La Russie prend le contrôle du projet gazier de Sakhaline et augmente ses participations avec l’Occident
Le président Vladimir Poutine a augmenté les enjeux d’une guerre économique avec l’Occident et ses alliés avec un décret qui prend le contrôle total du projet gazier et pétrolier Sakhaline-2 dans l’Extrême-Orient russe, une décision qui pourrait expulser Shell et les investisseurs japonais.
L’ordonnance, signée jeudi, crée une nouvelle société pour reprendre tous les droits et obligations de Sakhalin Energy Investment Co, dans laquelle Shell et deux sociétés commerciales japonaises Mitsui et Mitsubishi détiennent un peu moins de 50 %.
Le décret de cinq pages, qui fait suite aux sanctions occidentales imposées à Moscou pour son invasion de l’Ukraine, indique que le Kremlin décidera maintenant si les partenaires étrangers peuvent rester.
La société d’État Gazprom détient déjà une participation de 50 % plus une action dans Sakhalin-2, qui représente environ 4 % de la production mondiale de gaz naturel liquéfié (GNL).
Cette décision menace de perturber un marché du GNL déjà tendu, bien que Moscou ait déclaré qu’il ne voyait aucune raison pour que les livraisons de Sakhalin-2 s’arrêtent.

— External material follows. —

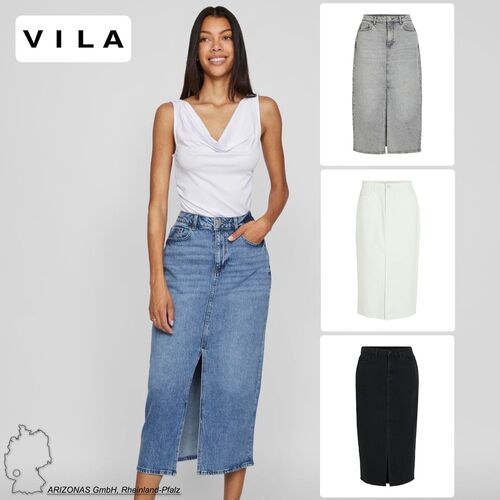 Jeansrock Midi hohe Taille Frontschlitz Regular Fit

Le Japon importe chaque année 10 % de son GNL de Russie, principalement dans le cadre d’un contrat à long terme avec Sakhalin-2. L’action augmente également les risques auxquels sont confrontées les entreprises occidentales encore en Russie.
« Le décret russe exproprie effectivement les participations étrangères dans la Sakhalin Energy Investment Company, marquant une nouvelle escalade des tensions en cours », a déclaré Lucy Cullen, analyste principale du cabinet de conseil Wood Mackenzie.
De nombreuses entreprises occidentales ont déjà fait leurs valises, tandis que d’autres ont déclaré qu’elles démissionneraient, mais la décision de Poutine ajoute des complications à un processus déjà complexe pour ceux qui recherchent la sortie. Moscou prépare une loi, qui devrait être adoptée prochainement, pour permettre à l’État de saisir les actifs des entreprises occidentales qui décident de partir.
Shell, qui a déjà annulé la valeur de ses actifs russes, a clairement fait savoir il y a des mois qu’il avait l’intention de quitter Sakhalin-2 et a été en pourparlers avec des acheteurs potentiels. Il a déclaré vendredi qu’il évaluait le décret russe.
Des sources ont déclaré que Shell pensait qu’il y avait un risque que la Russie nationalise les actifs détenus par des étrangers, tandis que Poutine a déclaré à plusieurs reprises que Moscou exercerait des représailles contre les États-Unis et ses alliés pour le gel des actifs russes et d’autres sanctions.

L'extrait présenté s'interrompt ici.